Ce capitalisme se nourrit de la crise - même en Irak




 

     La « dette publique » augmente et les États s'endettent, mais auprès de qui ? Il faut bien que certains aient de l'argent.

     L'État est dépecé pour 3 générations de contribuables, au profit de gens… dont on ne parle jamais.

 

     Aujourd'hui on nous parle de Crise. Mais il n'y a pas de crise pour tout le monde. C'est un choix délibéré de civilisation, où, comme avant dans le seul Tiers Monde, quelques très riches et la multitude misérable sont censé effacer toute velléité d'une classe moyenne qui tient mal son rang et sa place (domestique et subalterne).

     Jamais les produits de luxe et les hôtels 7 étoiles ne se sont aussi bien vendus.

 

     La « crise » serait censée tout expliquer et tout excuser. Il est vrai que nos dirigeants apparents et occultes sont allés un peu vite et un peu loin en besogne.
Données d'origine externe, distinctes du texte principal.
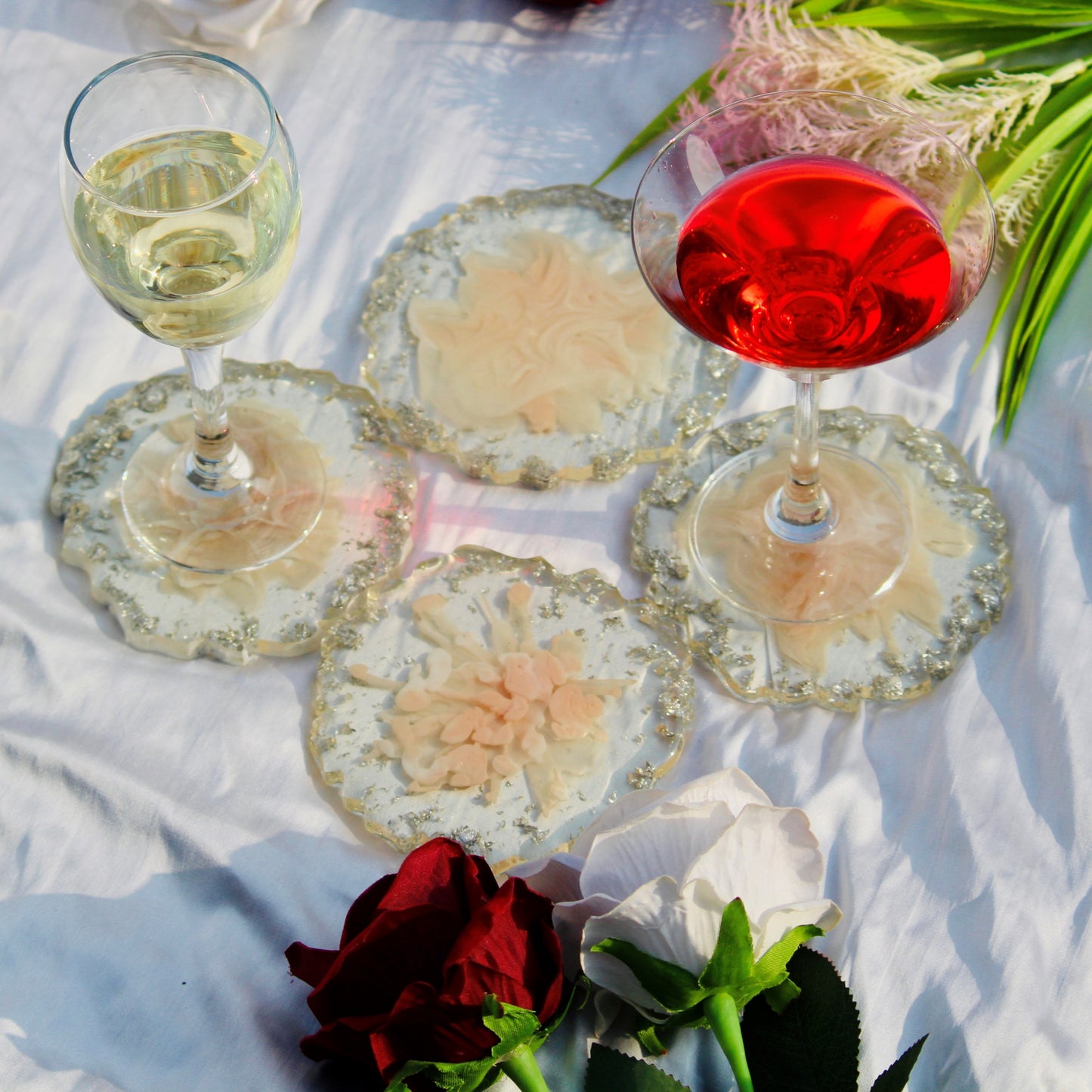 Abstract Handmade Tray With 6 Coasters (Blush Pink & White)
Mais cette Crise leur profitera de toutes manière, car le capitalisme se nourrit aujourd'hui de la crise, de la guerre et du désastre.

 

     Naomi Klein explique merveilleusement ce phénomène dans son livre « La stratégie du choc ».

 

     Les extraits suivants sur le dépeçage de l'Irak par les américains ne donnent malheureusement qu'une vague idée d'un ouvrage dense et extrêmement clair.

 

     Même si un jour leurs troupes partent (en apparence) du pays,  le pétrole et l'économie irakiennes appartiennent définitivement à Halliburton, Bechtel, Parsons, KPMG, RTI, Blackwater et les autres sociétés américaines.

 

     « La stratégie du choc » montre une certaine logique dans les évènements de notre monde actuel.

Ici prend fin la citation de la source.